This vignette is intended to be a script that can easily be modified for your own COCOA analysis. It is unevaluated because COCOA normally involves large objects. For a description of the goals of the method and a practical example with only a few region sets, see the “Introduction to Coordinate Covariation Analysis” vignette. Visualization functions can also be found in that vignette.
To begin, let’s load the necessary packages:
library(LOLA)
library(COCOA)
For this vignette, we will demonstrate COCOA with single base pair resolution DNA methylation data.
First, we need the results from PCA of the DNA methylation data, obtained with prcomp()
. prcomp
could take a while for large datasets (eg longer than 30 minutes). We will also need the genomic coordinates for each cytosine in the DNA methylation data. As one way of doing this, we could store the methlylation level matrix and the coordinates as items in a named list called “methylData”. The first item in the list – “coordinates” – would be a GRanges object with coordinates for the cytosines (or alternatively a data.frame with “chr” and “start” columns). The second item in the list – “methylProp” – would be a matrix of the methylation levels, with cytosines as rows (same order as “coordinates”) and samples as columns. We will assume that structure for the following code.
# the genomic coordinates
signalCoord <- methylData$coordinates
# consider whether centering or scaling is needed
mPCA <- prcomp(x=t(methylData$methylProp), center=TRUE, scale.=FALSE)
After the PCA, you might want to look at plots of the first few PCs and consider removing extreme outliers and rerunning the PCA.
Besides the PCA results, we need region sets. Normally we should use COCOA with a large collection of region sets. The collection of region sets can come from anywhere but in this vignette, we will use the LOLA Core region set database which includes region sets from public sources such as the ENCODE, CODEX, and Cistrome Projects. Documentation on LOLA is here and you can check out LOLA region set databases here. The AnnotationHub package also contains region sets and may be of interest. In this vignette, we are only using the LOLA Core database. Let’s load the database (this may take a few minutes):
# reading in the region sets
# load LOLA database
lolaPath <- paste0("path/to/LOLACore/genomeVersion/")

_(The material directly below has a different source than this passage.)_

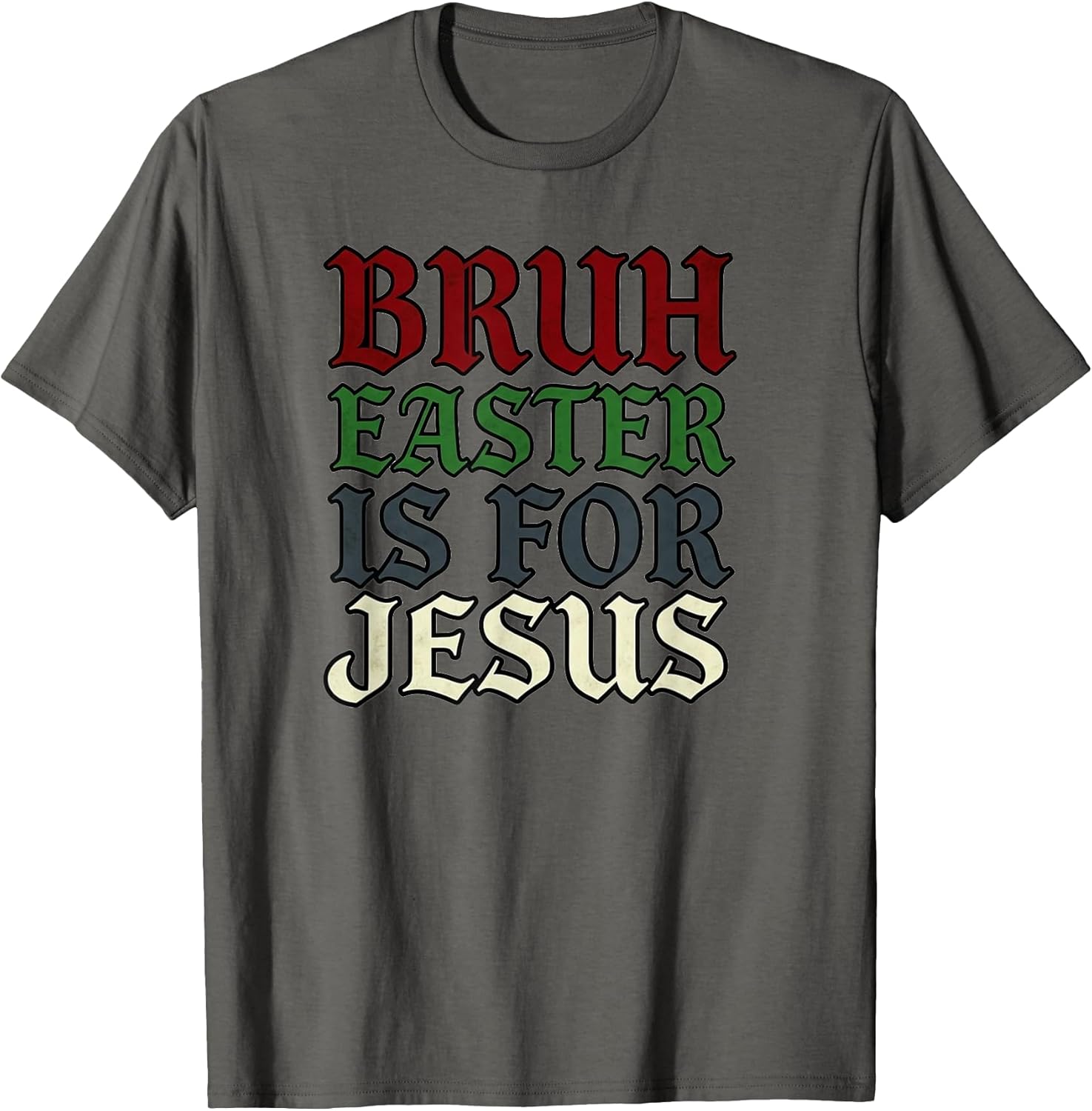 Fun Bruh Easter is for Jesus For Men Women Unisex T-shirt, Sweatshirt, Hoodie, Long Sleeve Tee - T-Shirt, Sweatshirt, Hoodie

regionSetDB <- loadRegionDB(lolaPath)
# metadata about the region sets
loRegionAnno <- regionSetDB$regionAnno
lolaCoreRegionAnno <- loRegionAnno
collections <- c("cistrome_cistrome", "cistrome_epigenome", "codex",
"encode_segmentation", "encode_tfbs", "ucsc_features")
collectionInd <- lolaCoreRegionAnno$collection %in% collections
lolaCoreRegionAnno <- lolaCoreRegionAnno[collectionInd, ]
regionSetName <- lolaCoreRegionAnno$filename
regionSetDescription <- lolaCoreRegionAnno$description
# the actual region sets
GRList <- GRangesList(regionSetDB$regionGRL[collectionInd])
# since we have what we need, we can delete this to free up memory
rm("regionSetDB")
Now we test how much each region set is associated with each principal component:
PCsToAnnotate <- paste0("PC", 1:6)
regionSetScores <- runCOCOA(loadingMat=mPCA$rotation,
signalCoord=signalCoord,
GRList=GRList,
PCsToAnnotate=PCsToAnnotate,
scoringMetric="regionMean")
regionSetScores$regionSetName <- regionSetName
regionSetScores$regionSetDescription <- regionSetDescription
We can sort the results to see which region sets are most associated with each PC.
View(regionSetScores[order(regionSetScores$PC1, decreasing=TRUE), ])
View(regionSetScores[order(regionSetScores$PC2, decreasing=TRUE), ])
# etc.
Then we can do further analysis and visualization of the top scoring region sets, as described in the vignette “Introduction to Coordinate Covariation Analysis”.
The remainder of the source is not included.